> What the exercise asks
In the records below, the line with "Vecinii maghiari trec" opens the range and the line with "VENTURE AT AVENTURA EAST - Residential Lease" closes it; print that range exactly and nothing else.

> Material supplied

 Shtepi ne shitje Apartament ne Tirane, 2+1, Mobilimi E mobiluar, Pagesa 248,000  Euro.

...

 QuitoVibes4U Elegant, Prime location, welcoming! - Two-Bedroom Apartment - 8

* * *

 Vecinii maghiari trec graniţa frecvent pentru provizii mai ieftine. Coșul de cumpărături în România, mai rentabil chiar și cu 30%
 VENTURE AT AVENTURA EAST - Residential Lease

> Problem solution
 Vecinii maghiari trec graniţa frecvent pentru provizii mai ieftine. Coșul de cumpărături în România, mai rentabil chiar și cu 30%
 VENTURE AT AVENTURA EAST - Residential Lease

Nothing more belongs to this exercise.